Western energy companies could still work in the Iranian energy sector, but they need to have a high risk tolerance. File photo by Maryam Rahmanian/UPI | License Photo
Oct. 18 (UPI) -- There are plenty of opportunities open in the Iranian energy sector for European countries provided they have a stomach for risk, an event organizer said.
Iranian energy companies were among the hundreds attending the annual Offshore Energy Exhibition & Conference, which wrapped up last week in Amsterdam. The Pars Oil and Gas Co., which helps drive operations at Iran's offshore South Pars natural gas field, was one of a handful of Iranian companies with a pavilion set up at the exhibition.
The Amsterdam conference concluded before U.S. President Donald Trump took a tougher line on Iran that could distance his administration from the multilateral nuclear deal from 2015 that brought sanctions relief to Iran in exchange for commitments to back off its nuclear ambitions.
Speaking this week, U.S. Treasury Undersecretary for Terrorism and Financial Intelligence Sigal Mandelker said that with the Islamic Revolutionary Guard Corps in the cross-hairs of the sanctions effort, energy could be a target.

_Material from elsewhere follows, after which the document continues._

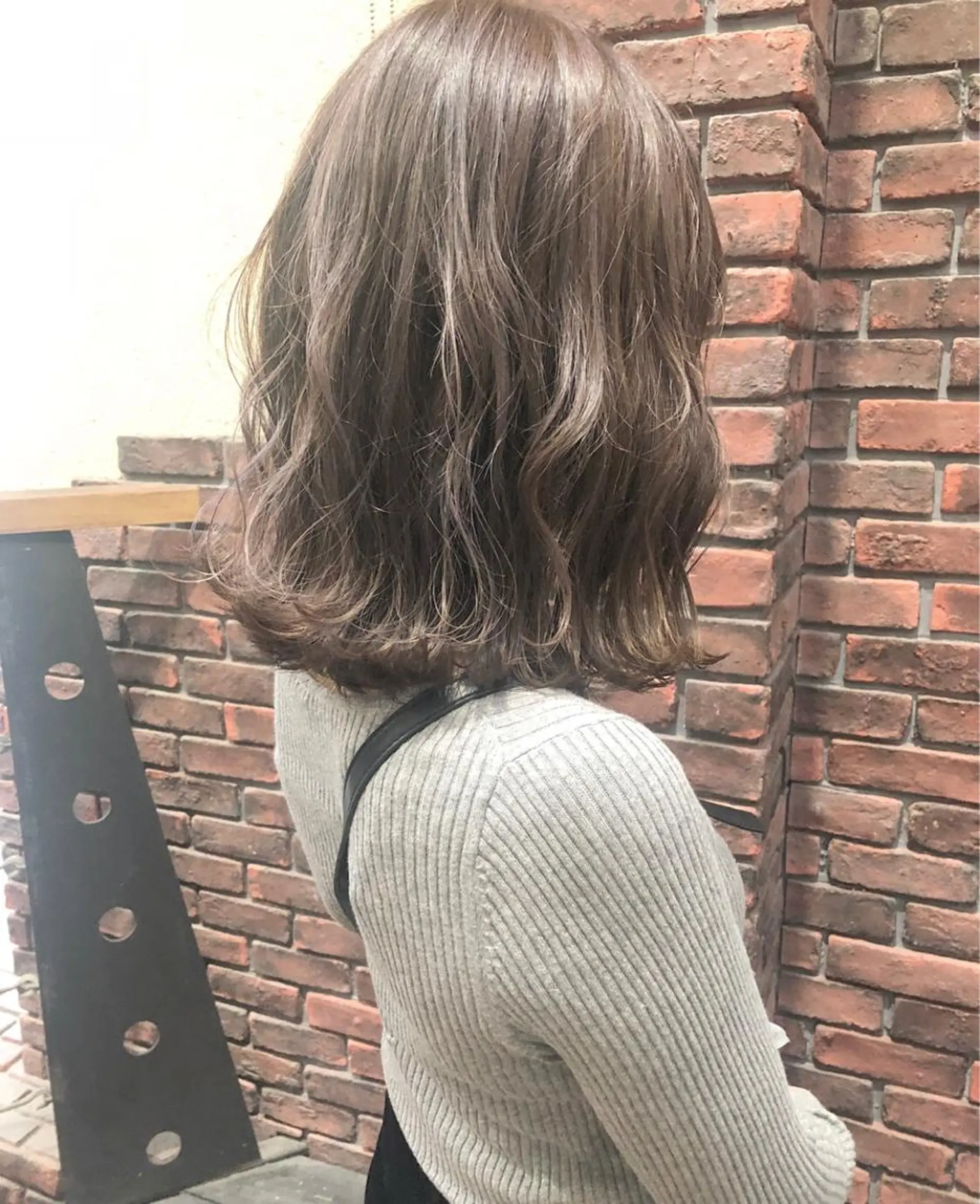 ミディアム カラー nakahara madokaのヘアスタイル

"We have pointed out that the IRGC continues to be an integral part of the Iranian economy, including in the energy, construction, mining, and defense sectors," he said.
During last week's conference, companies from Tehran said they were set up to showcase the opportunities for international investors wanting to participate in Iran's offshore industries. Philip Mulder, the marketing manager for the exhibition, told UPI it was the second time Iran has been welcomed as an attendee. For Iran, there's the opportunity to gain access to new knowledge and technology needed to overhaul an energy sector burdened by sanctions. For European majors, they have the supply chain to do the job.

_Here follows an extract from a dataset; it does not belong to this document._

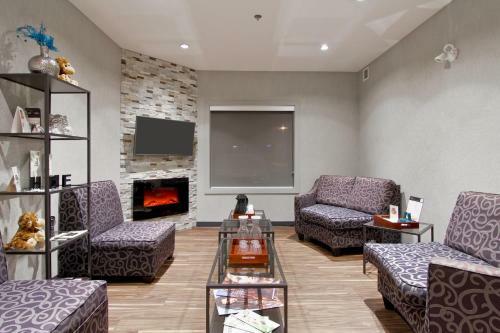 Hotel Home Inn & Suites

"In sum doing business with Iran is challenging, but there are plenty of business opportunities on the horizon," he said.
In July, a consortium of French energy company Total, China National Petroleum Corp. and Petropars Ltd., a subsidiary of the state-run National Iranian Oil Co., signed a 20-year contract to help develop parts of the giant South Pars natural gas field in the Persian Gulf, among the largest in the world. It was the first contract in the post-sanctions era for Iran and, after earning a second term in office, President Hassan Rouhani set a goal of signing 10 new development deals by the end of the Iranian calendar year, March 20.
In an August statement before parliament, the president said "banking transactions with the world are being carried out." And while remaining U.S. sanctions on Iran make it difficult to do business with the country, Mulder said European companies could still move forward so long as they avoid U.S. components in their work.
"Banking channels are still constricted [and] some European banks are slowly making transactions possible, but only if strict conditions are being met," he said.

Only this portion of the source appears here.